Des actions déjà menées et d’autres en cours
Pour améliorer la qualité des raccordements à la fibre, la filière a déjà mis en place des actions. Fin novembre 2021, le régulateur a d’ailleurs mis les pieds dans ces fameux “plats de nouilles” et lançant son plan d’action pour améliorer la qualité des réseaux comme contrôler les interventions, limiter les rangs de sous-traitance et remettre en état les équipements endommagés.
Depuis fin 2020, la filière tend à prendre le taureau par les cornes, d’abord en lançant un guide opérationnel s’adressant aux professionnels du secteur, puis en annonçant des accords majeurs (mode stoc) entre opérateurs commerciaux et d’infrastructure pour améliorer la qualité et la pérennité des réseaux avant de rendre en juillet 2021 un livre blanc avec diverses mesures pour en finir avec les malfaçons. L’objectif est clair : éradiquer totalement les “plats de nouilles”, ces câbles emmêlés dans les armoire de rue, mais aussi les débranchements d’abonnés au moment d’en raccorder d’autres ou encore les fichiers de déploiements erronés, les installations sous-dimensionnées, mais aussi le travail mal fait chez les clients (prise mal fixée, fils apparents).

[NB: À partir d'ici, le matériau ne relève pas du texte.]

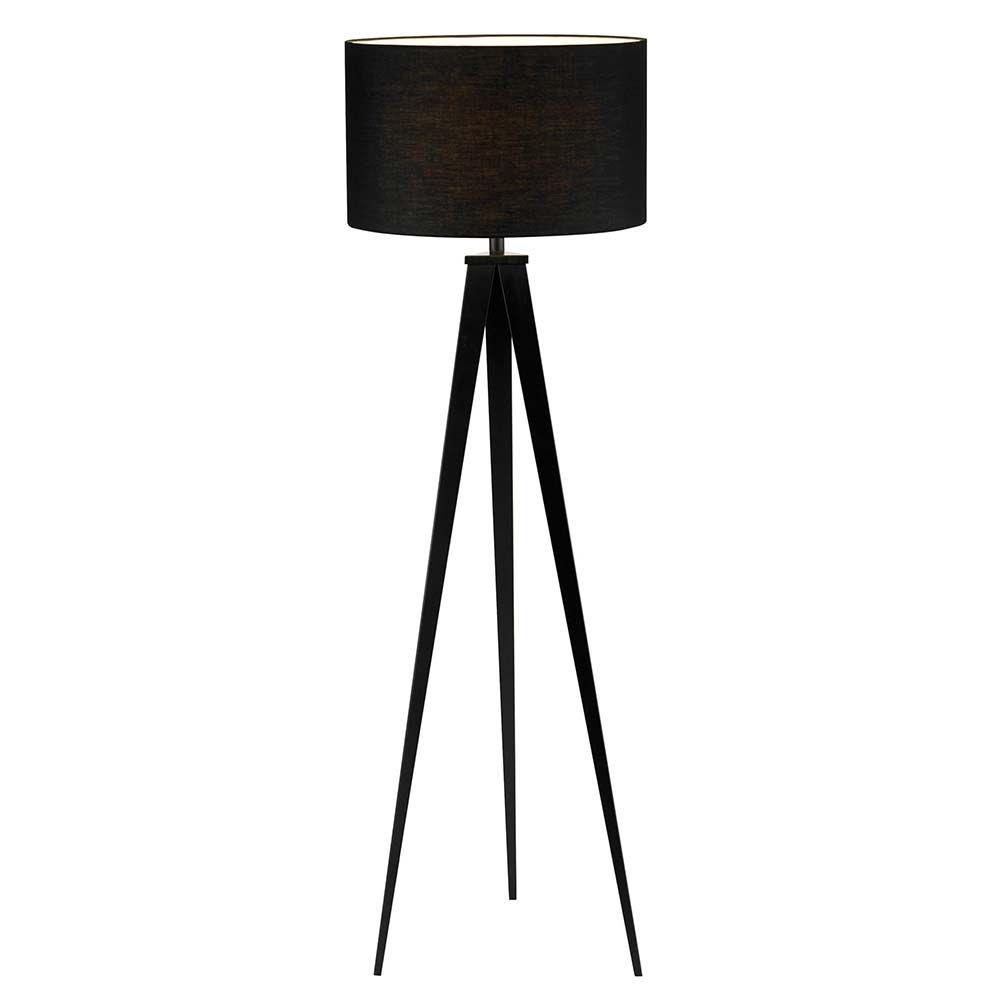 Adesso Lighting Director Floor Lamp – Black Metal With Black Fabric Shade:  Design Quest Throughout Black Metal Floor Lamps (View 6 of 15)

Fin 2021, le régulateur a demandé aux opérateurs de développer une application qui va permettre la notification en temps réel des interventions des techniciens aux autres opérateurs commerciaux et à l’opérateur de réseau. Une analyse automatique des photos avant et après intervention a aussi été fortement recommandé et rapidement mis en place.
“Les comptes rendus d’intervention sont pratiqués par tous les opérateurs commerciaux depuis décembre 2021”, commente à ce propos la fédération. Pour aller encore plus loin, un nouvel outil E-intervention, sera livré pour son premier palier entre juillet et décembre 2022, et permettra de signaler, le plus rapidement possible, les interventions et éventuelles malfaçons ou de régler les problèmes de connexion en temps réel. “Les opérateurs, par ailleurs, s’engagent à continuer à développer, améliorer et normaliser ces outils, pour en étendre l’utilisation et parfaire la résolution des problèmes rencontrés.”.
Autre action largement mise en exergue et qui devra être mise en application sur tout le territoire, limiter la sous-traitance à un maximum de deux rangs dans le cadre de la mise en œuvre des nouveaux contrats de sous-traitance (Stoc-2) conclus entre les opérateurs d’infrastructures et commerciaux afin de renforcer la gestion de la sous-traitance.
Enfin, les opérateurs ont entrepris de reprendre les malfaçons constatées : plus de 1700 points de mutualisation (PM) ont été traités depuis 2020 et 2700 sont déjà au programme pour 2022, sur les quelques 200 000 PM en France. reste à savoir si l’ensemble de ces initiatives porteront leur fruit. Un dialogue permanent avec les pouvoirs publics, avec qui l’ensemble de ces sujets est partagé et concerté, est également nécessaire. La satisfaction des consommateurs doit être au centre des volontés.